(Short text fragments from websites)
☆ ☆ ☆ ☆
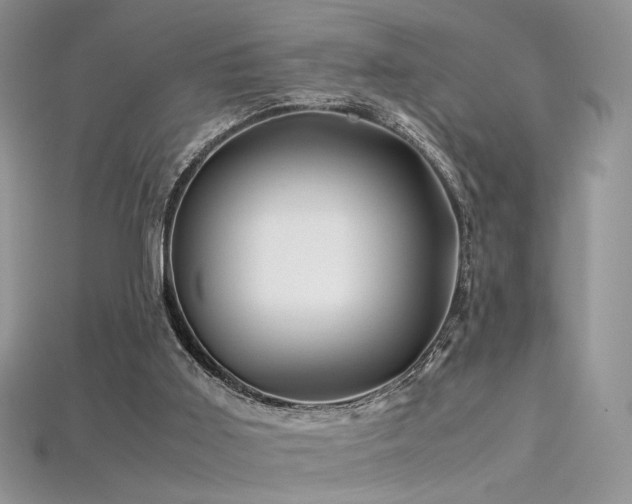 X0000115660011200911121223
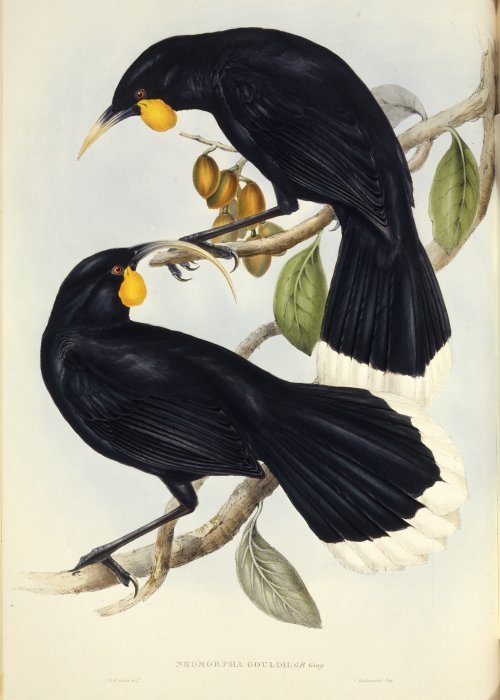 Male and Female Huia - Illustration by Gould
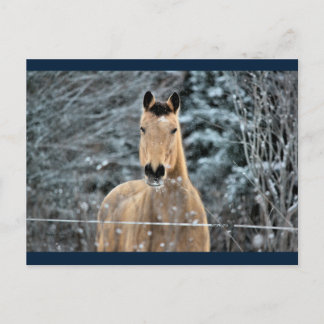 Cartão Postal Buckskin Horse Winter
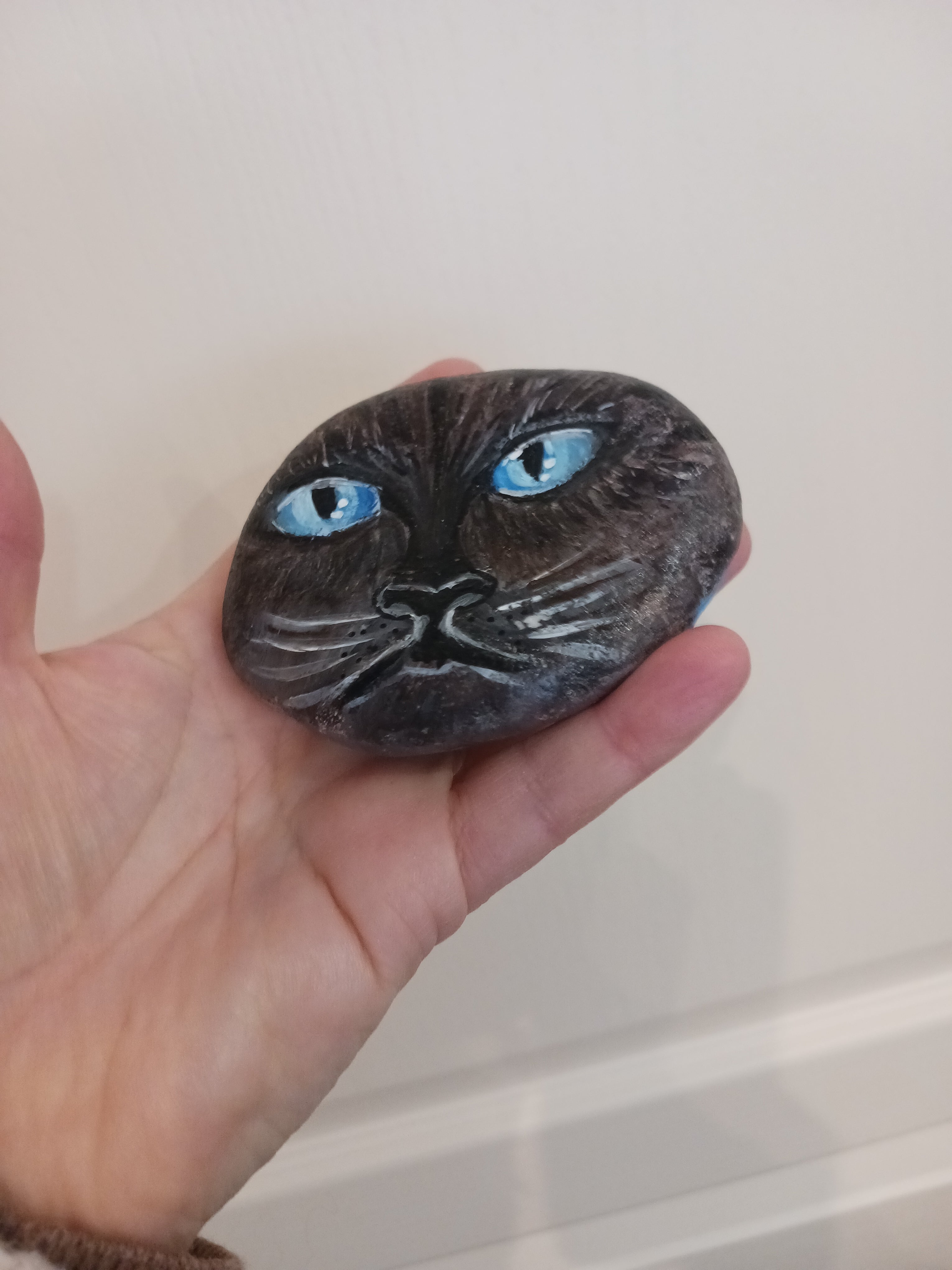 oeil de chat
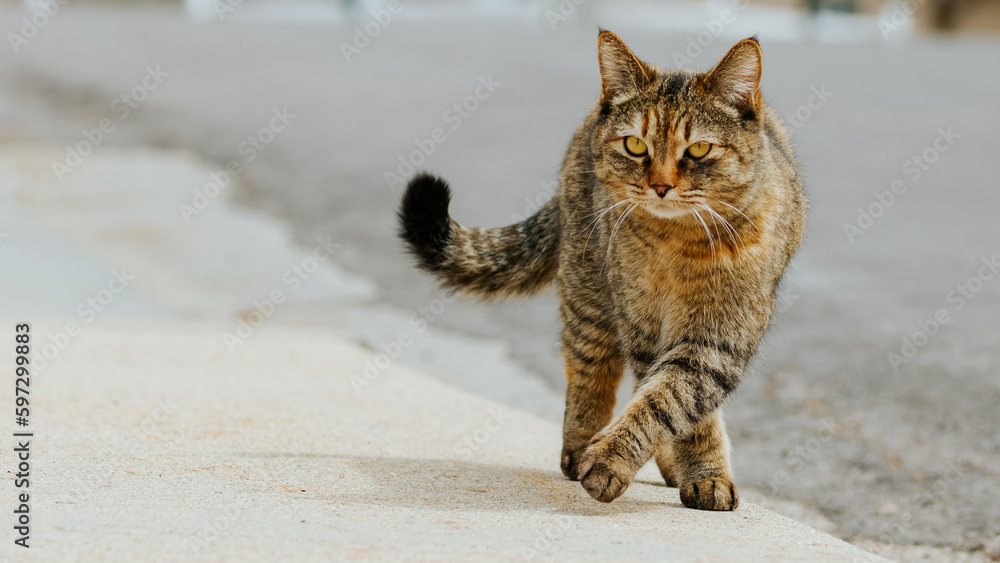 Fototapeta premium Cat Upclose 3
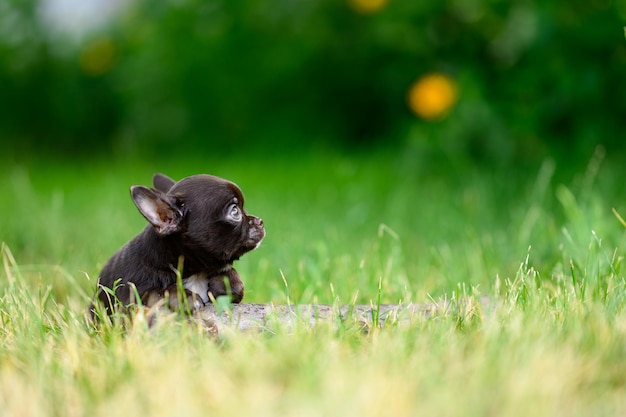 Schattige bruine chihuahua puppy zit in gras op natuurlijke onscherpe achtergrond in tuin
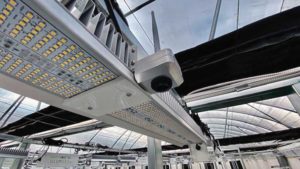 Technology of the Year: A New Vision for the Future of Greenhouse Production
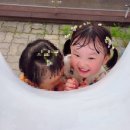 프리지 | 호호에미 섬유유연제 프리지어향 후기, 대용량 유아 아기섬유유연제 추천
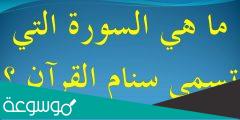 سورة يطلق عليها سنام القران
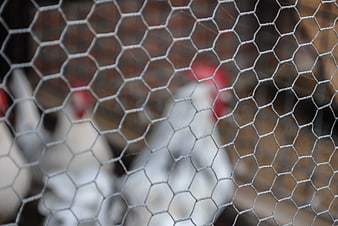White chickens behind hexagonal wire mesh fence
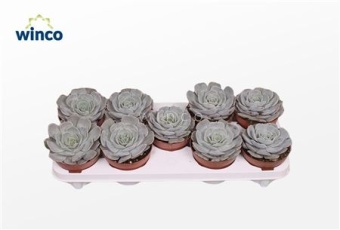 Эхеверия Pollux d12 см h10 см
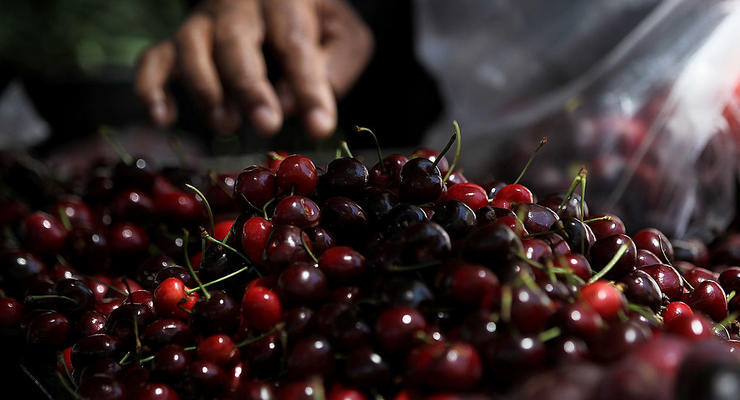 В Україні подешевшала черешня: які ціни на популярну сезонну ягоду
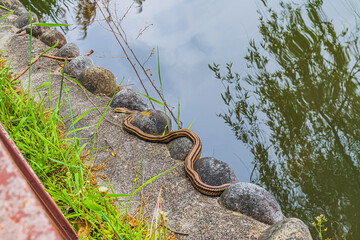堀のそばにいる蛇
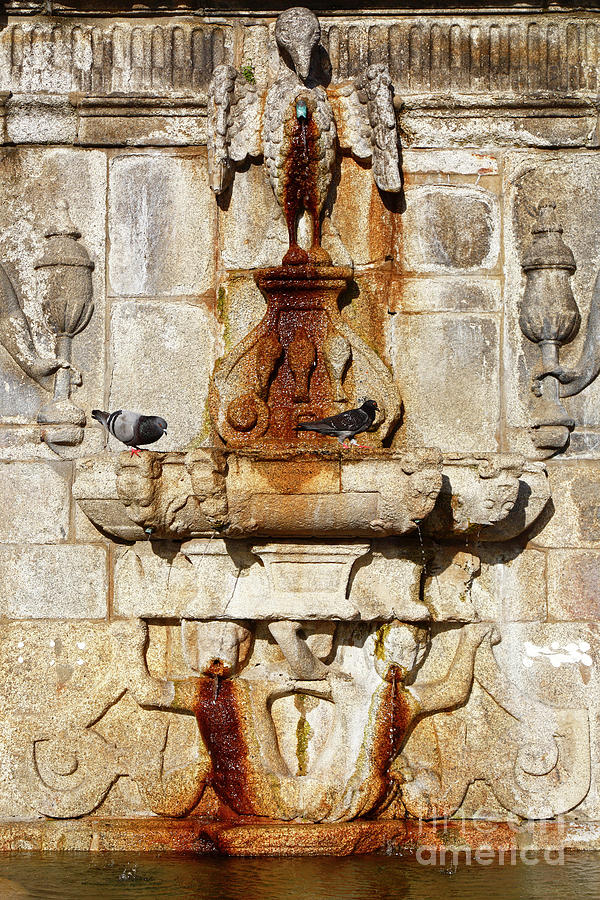 Pelican Fountain detail Porto Portugal Photograph by James Brunker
☆ ☆ ☆ ☆
TASK BRIEF:
Leave nothing out but the pictures when transcribing the records.

SOLUTION TO THIS TASK:
 X0000115660011200911121223
 Male and Female Huia - Illustration by Gould
 Cartão Postal Buckskin Horse Winter
 oeil de chat
 Fototapeta premium Cat Upclose 3
 Schattige bruine chihuahua puppy zit in gras op natuurlijke onscherpe achtergrond in tuin
 Technology of the Year: A New Vision for the Future of Greenhouse Production
 프리지 | 호호에미 섬유유연제 프리지어향 후기, 대용량 유아 아기섬유유연제 추천
 سورة يطلق عليها سنام القران
White chickens behind hexagonal wire mesh fence
 Эхеверия Pollux d12 см h10 см
 В Україні подешевшала черешня: які ціни на популярну сезонну ягоду
堀のそばにいる蛇
 Pelican Fountain detail Porto Portugal Photograph by James Brunker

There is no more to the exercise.